* _About this exercise_
Please write out only the lines from the line with "Paul O'Grady with a big black fluffy dog" to the line with "Elegant Porcelain Doll", inclusive, exactly as they stand below, without the pictures.
[Opening Dataset records section]
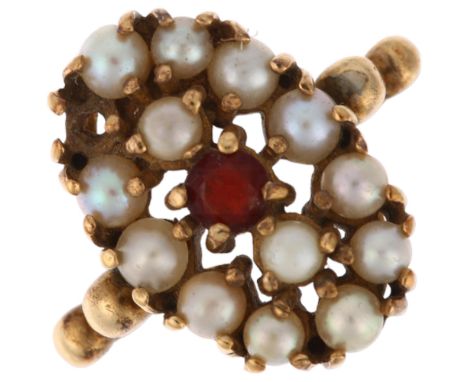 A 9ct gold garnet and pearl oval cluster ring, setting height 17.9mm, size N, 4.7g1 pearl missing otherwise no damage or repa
[Closing Dataset records section]
[Opening Dataset records section]
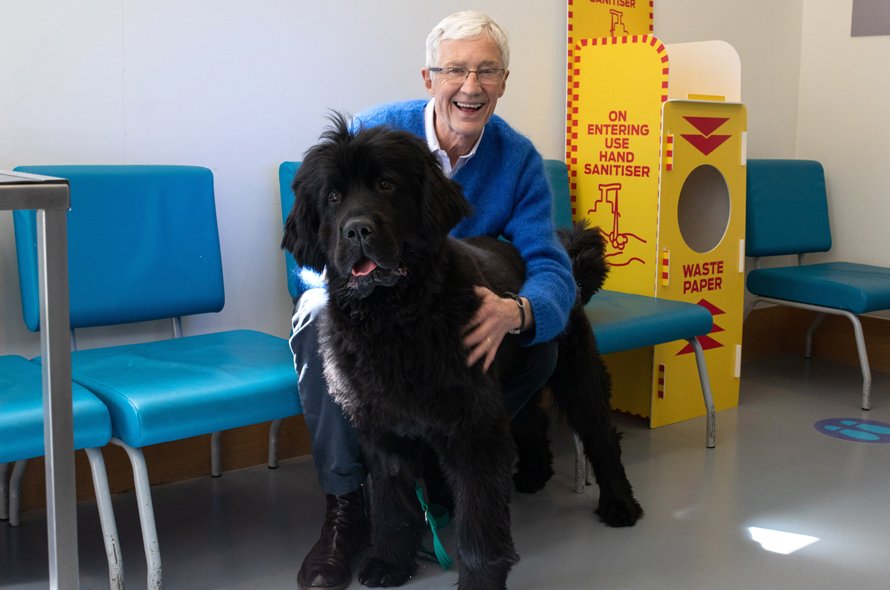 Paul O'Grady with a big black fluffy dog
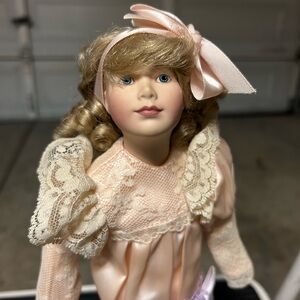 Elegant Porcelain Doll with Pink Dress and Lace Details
[Closing Dataset records section]
* _Result of the exercise_
 Paul O'Grady with a big black fluffy dog
 Elegant Porcelain Doll with Pink Dress and Lace Details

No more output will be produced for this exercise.